How to create multiple-choice questions
I recently attended a webinar by Cara North, part of Alchemy Lab, with helpful insights on how to avoid common errors in multiple-choice questions. I then decided to do my small contribution to the topic with this article.
Let’s begin with this real life example: as an instructional designer, I’m given some training contents which include several multiple-choice questions. My initial thoughts are ‘Great! The client has already done that for me!’ But the initial joy soon changes to disappointment when I realize the quality of the questions. Should I say something or change them? Would they appreciate it? Would it be inappropriate? Are tests and its questions a matter to discuss for anybody?
In order to craft a good test, it’s essential to consider carefully both the stem and the options of each question. Tests are our measurement instruments. Yes, they have some shortcomings but they are widely used and we need to adjust it as much as we can.

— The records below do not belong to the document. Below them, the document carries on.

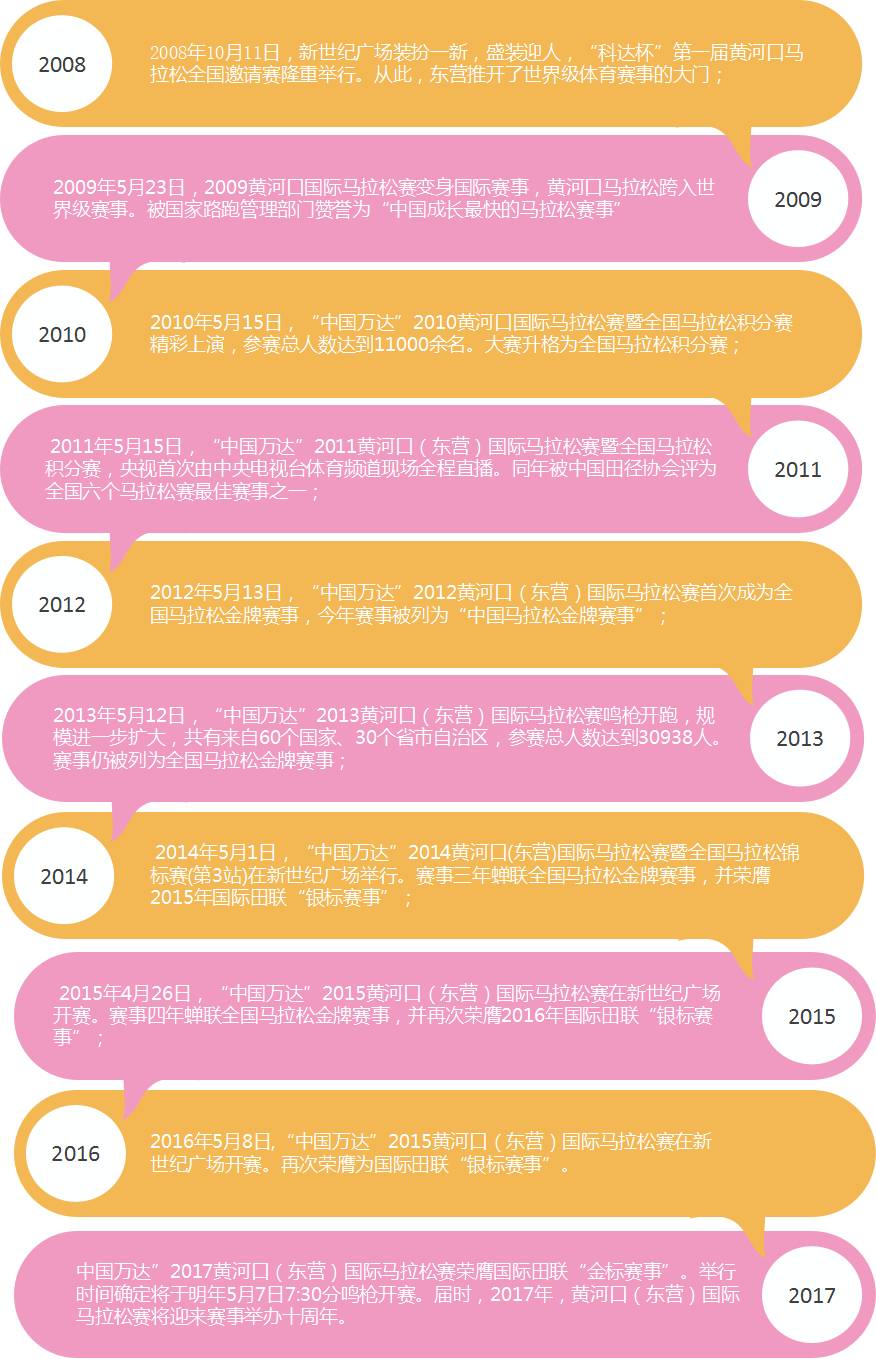 截至2022年中国中将数量概览，截至2022年中国中将数量概览，揭秘现役中将总数与晋升情况分析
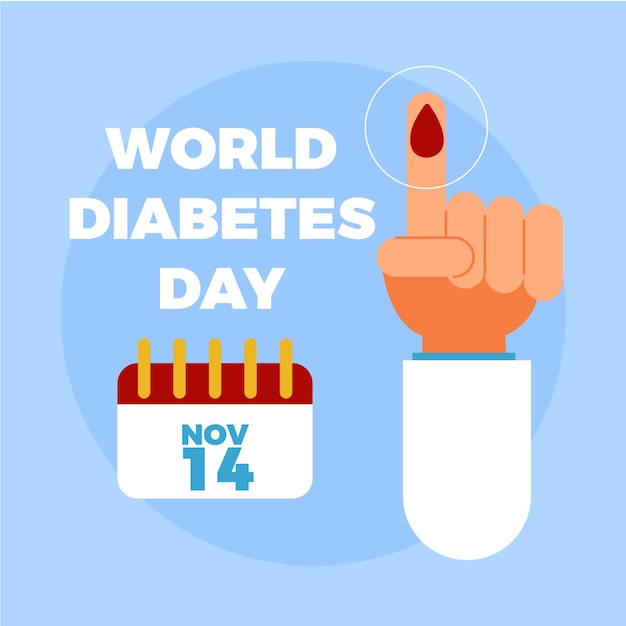 World diabetes day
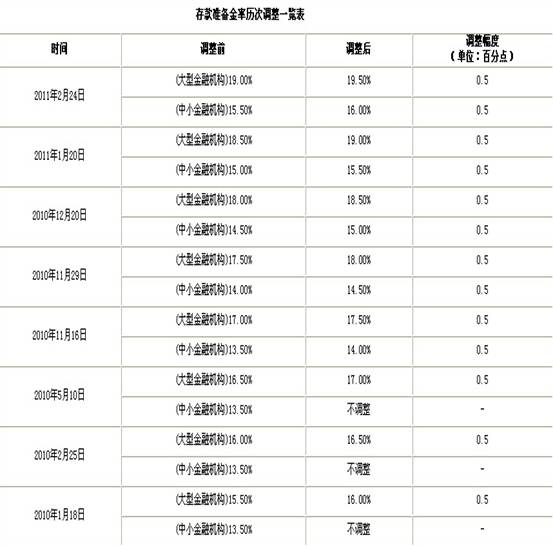 准备金率再次上调0.5个百分点 升至20%历史高位(图1)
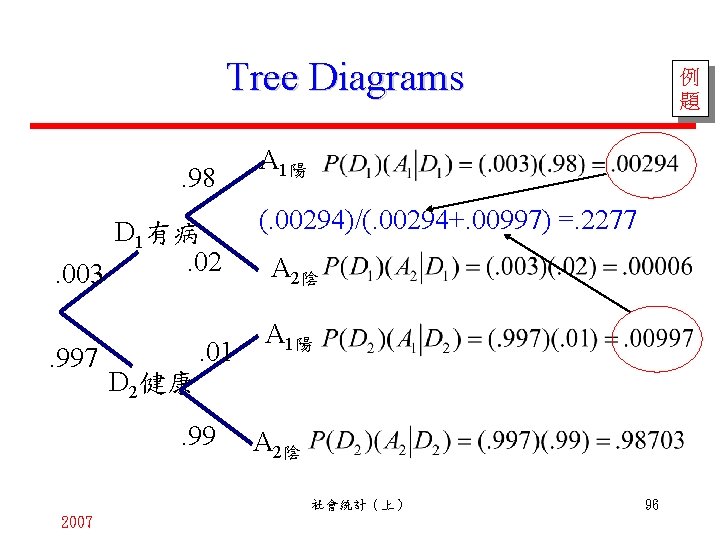 Tree Diagrams. 98 D 1有病. 02. 003. 997 D 2健康 . 01 . 99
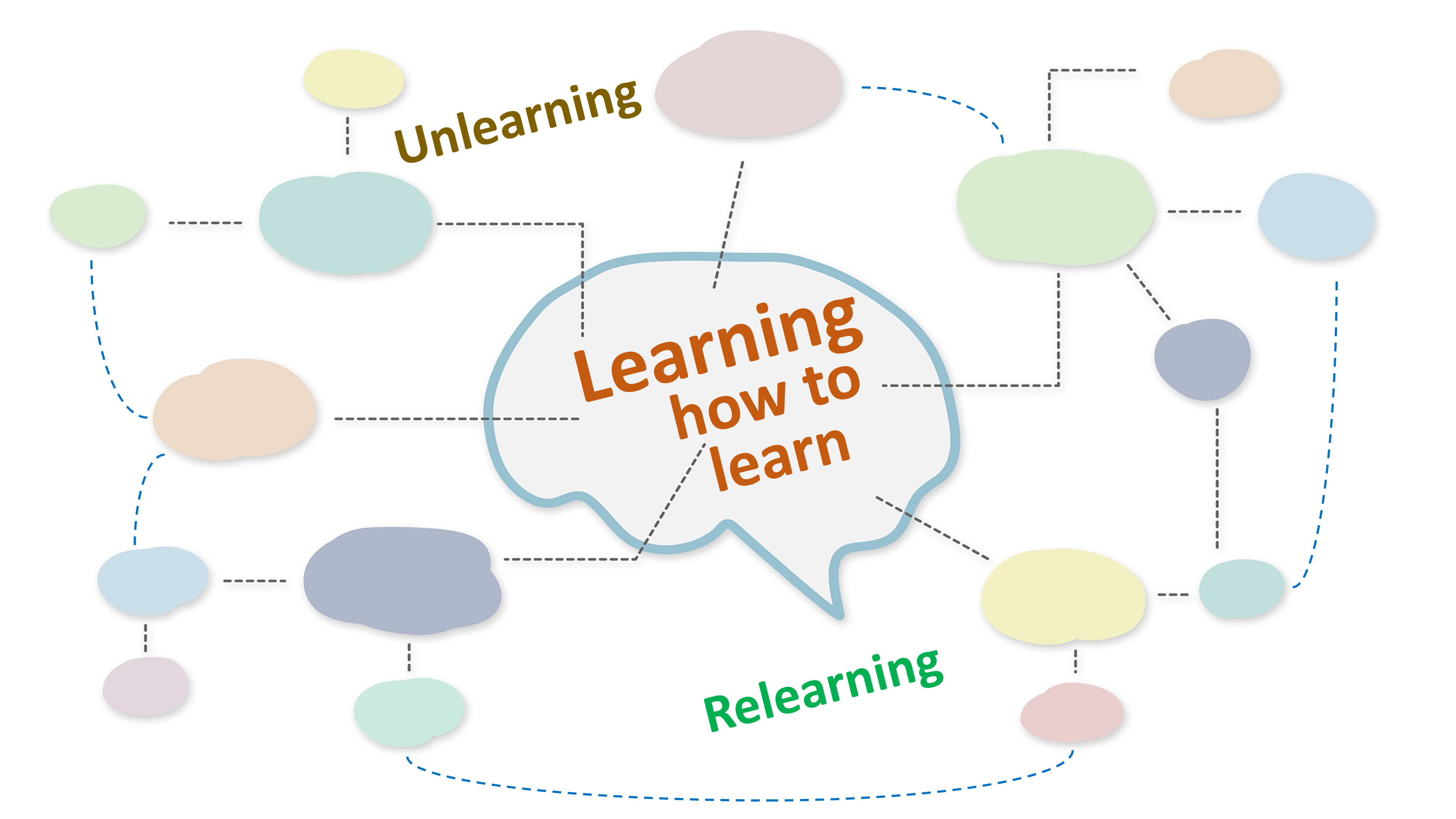 Learning how to learn – Vital Syllabus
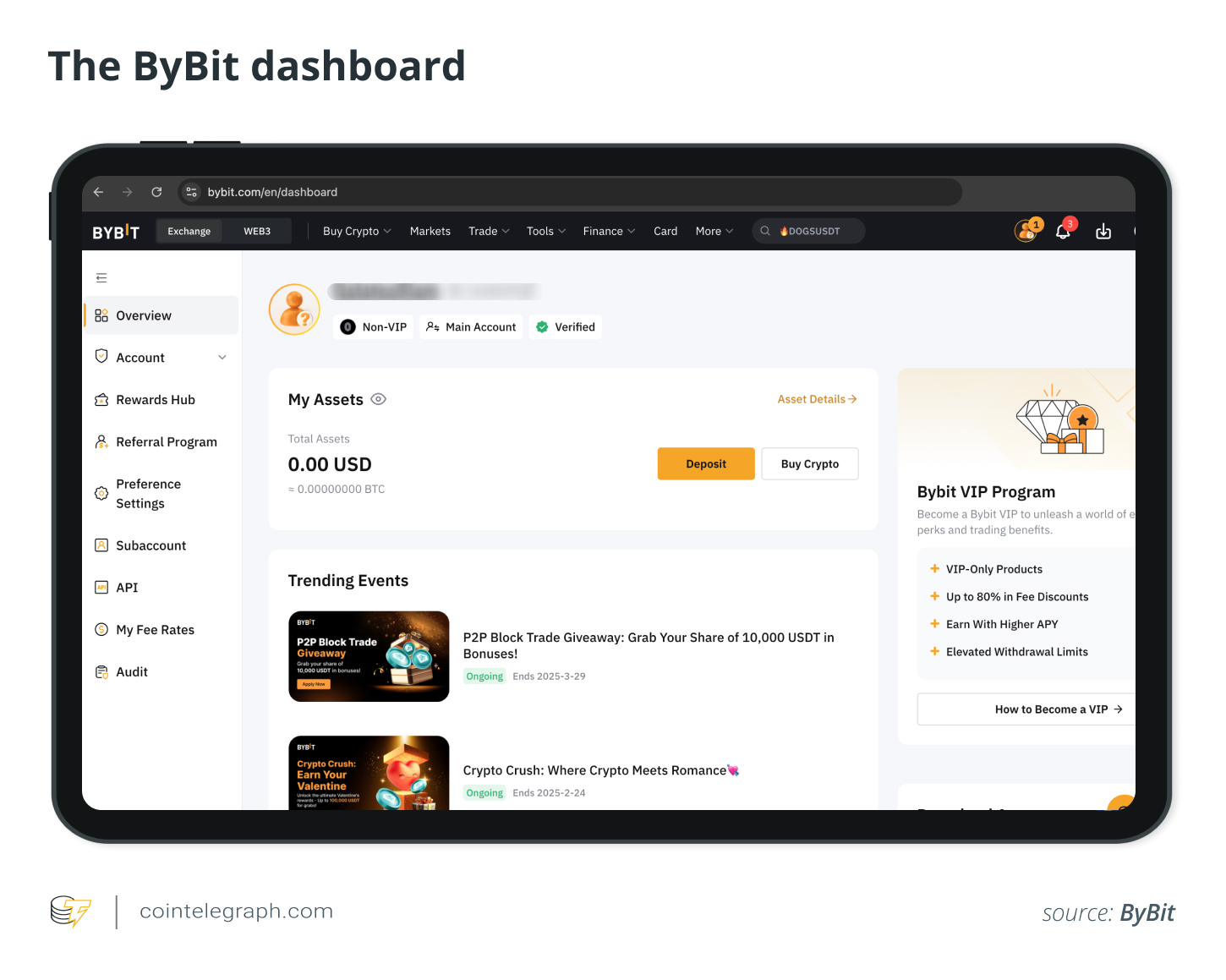 The ByBit dashboard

A test has to measure knowledge or opinion (more on that in a moment). We don’t want it to measure stress or time management (as some tests needed for accessing certain trades do). We don’t want it to measure reading skills or ability to distinguish among typographic symbols. With this thought in mind, one wonders how many of the tests that we have encountered may have been of little use to actually measure how much we knew of the topic.
A basic distinction: maximum performance vs. typical performance
Which philosophical approach On the nature of things, by Roman poet Lucretius is representative of?
There is only one correct answer to the question above. This is an example of a question that tries to evaluate performance and/or knowledge, which ranges from minimum to maximum, from failed to passed. Maximum performance tests, which is their proper name, are the kind of questionnaires that can be seen in most training settings.
It is also the kind of questions that get along with e-learning. Since there is only one undoubtedly correct answer, it is easy to implement systems of automatic correction. The machine will grade the tests, no teacher needed.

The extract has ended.